Dengue fever complicated with Guillain-Barré syndrome: a case report and review of the literature

Chamara Dalugama 1,, John Shelton 2, Mahendra Ekanayake 2, Indika Bandara Gawarammana 2
PMCID: PMC5952700  PMID: 29759074

Abstract

Background

Dengue is an arboviral infection classically presenting with fever, arthralgia, headache, and rashes. It is hyperendemic in Sri Lanka and has a major impact on health. Neurological complications of dengue fever are rare but have been reported in the literature.

Case presentation

A 60-year-old Sri Lankan man presented with a history of fever, arthralgia, and generalized malaise of 2 days duration. A diagnosis of dengue was confirmed with leukopenia, thrombocytopenia, and positive NS1 antigen done on day 2 without evidence of hemoconcentration. On admission, our patient had weakness of the bilateral lower limbs, which progressed in an ascending pattern involving both upper limbs and neck muscles, requiring assisted ventilation. Electromyography confirmed a demyelinating polyneuropathy and cerebrospinal fluid showed albumincytological dissociation. He was treated with intravenous immunoglobulins and made an uneventful recovery. Subsequently, his immunoglobulin M test result for dengue virus was positive.

Conclusions

Guillain-Barré syndrome is a rare but possible neurological sequel following dengue fever. In regions where dengue is hyperendemic, screening for dengue illness may be important in patients presenting with acute flaccid paralysis.

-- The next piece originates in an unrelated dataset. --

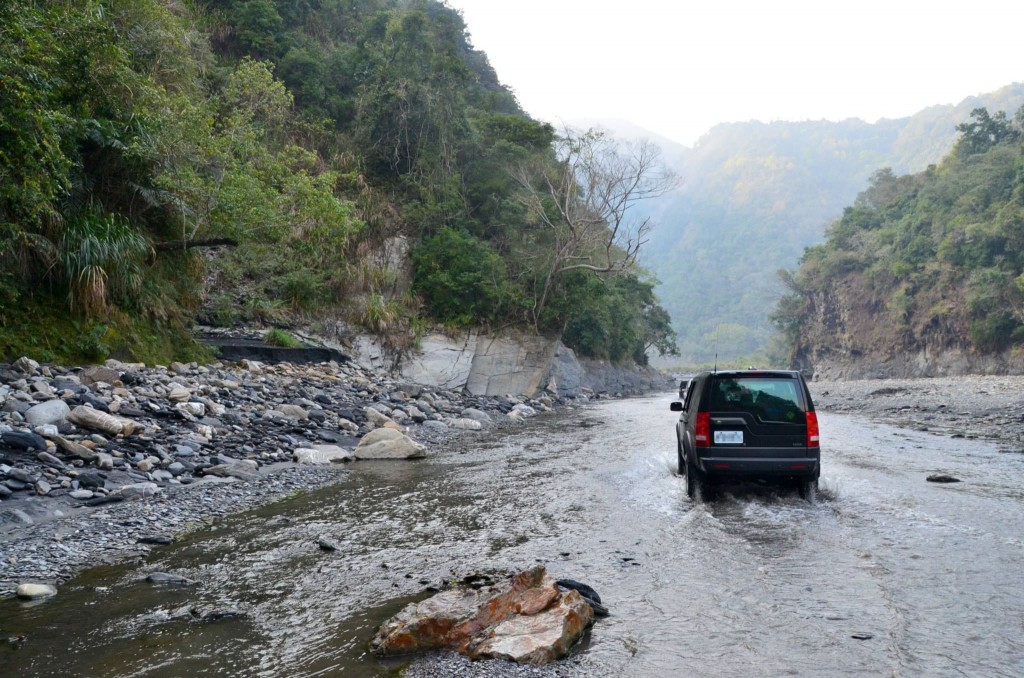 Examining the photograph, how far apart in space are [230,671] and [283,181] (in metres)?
17.1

Keywords: Dengue fever, Guillan-Barré syndrome, Respiratory failure, Sri Lanka

Background

Dengue is an arboviral infection commonly presenting with fever, arthralgia, headache, and rashes. It is a major global public heath challenge. Neurological manifestations of dengue fever are rare but have been reported in the medical literature.

Guillain-Barré syndrome (GBS) is a demyelinating polyneuropathy which frequently follows gastrointestinal or respiratory infections. Although rare, few cases of GBS have been causally linked to serologically confirmed dengue illness in the medical literature. Etiopathogenesis of GBS following dengue is not yet full described. But the molecular mimicry causing immune attack on myelin and axons, and pro-inflammatory cytokines such as tumor necrosis factor (TNF), interleukins, and complements participating in immune response are postulated as possible mechanisms. Plasma exchange and intravenous immunoglobulins are equally effective and a mainstay of management.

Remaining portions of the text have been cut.